The decision mechanism of "revise the plan or revise the code" addresses a core pain point in code debugging.
Accumulated reasoning trajectory state avoids "trial-and-error loops" — a common failure mode in current multi-agent systems.
CollabCoder achieves a dual gain in efficiency and effectiveness: fewer API calls and higher accuracy, with the advantage particularly salient on difficult tasks.

Limitations & Future Work¶

The trust weights in CDM are fixed hyperparameters and may not generalize to all task types.
Improvements on simple tasks are limited, making the overhead potentially unjustified in those settings.
The approach relies on the LLM's code analysis capabilities and may be less effective for programming paradigms that LLMs are inherently less proficient at.
The RT history window is finite; critical information may be lost during long debugging sequences.
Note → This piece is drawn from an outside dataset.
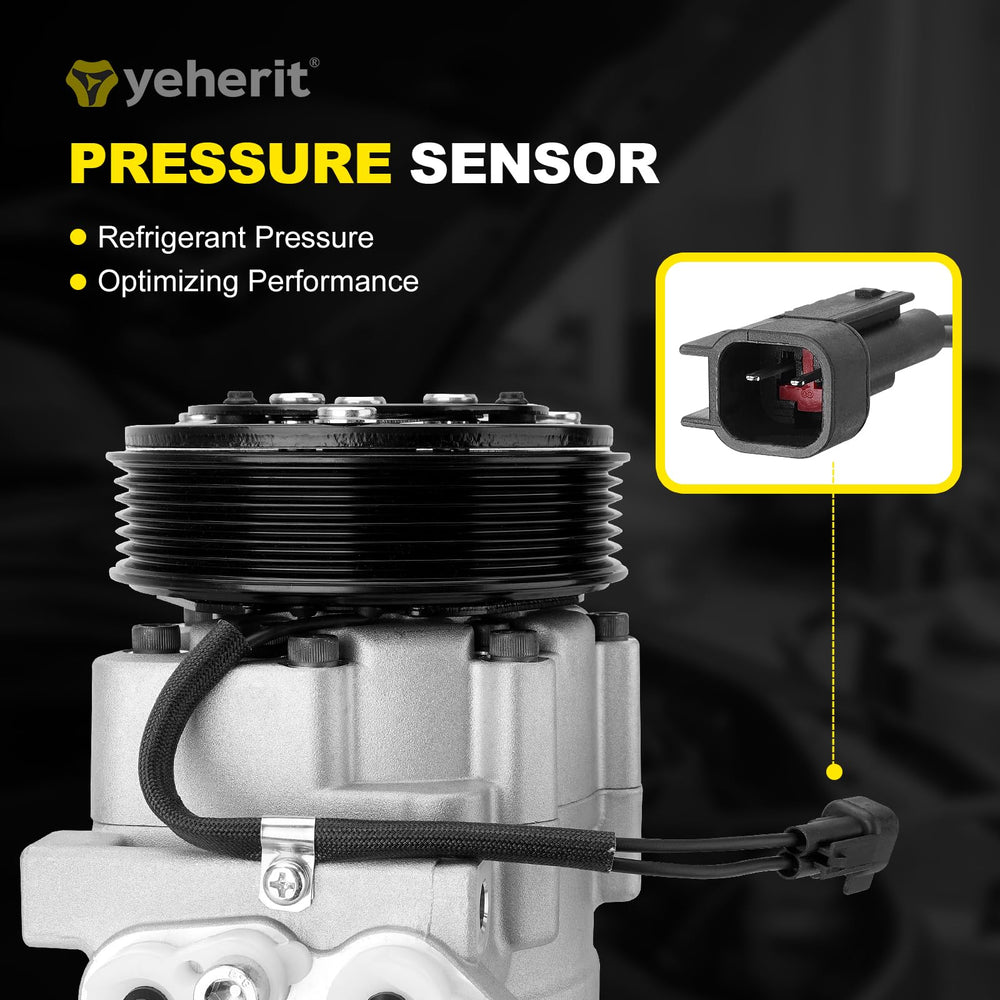YEHERIT AC compressor with clutch — oil-prefilled image shows 170 ml prefill.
vs. MapCoder/CodeSIM: These methods employ a fixed plan with multi-round code repair; CollabCoder allows plans and code to co-evolve.
vs. ThinkCoder: ThinkCoder uses 20 debugging rounds yet underperforms CollabCoder's 5 rounds, demonstrating that adaptive decision-making is more effective than brute-force iteration.

Rating¶

Novelty: ⭐⭐⭐⭐ Plan-code co-evolution and the collaborative decision mechanism represent a significant improvement over existing code generation agents.
Experimental Thoroughness: ⭐⭐⭐⭐⭐ Six benchmarks, three backbone models, efficiency analysis, and ablation studies — highly comprehensive.
Writing Quality: ⭐⭐⭐⭐ The framework description is clear and the diagrams are intuitive.
Value: ⭐⭐⭐⭐ Achieves a dual gain in efficiency and effectiveness on complex programming tasks.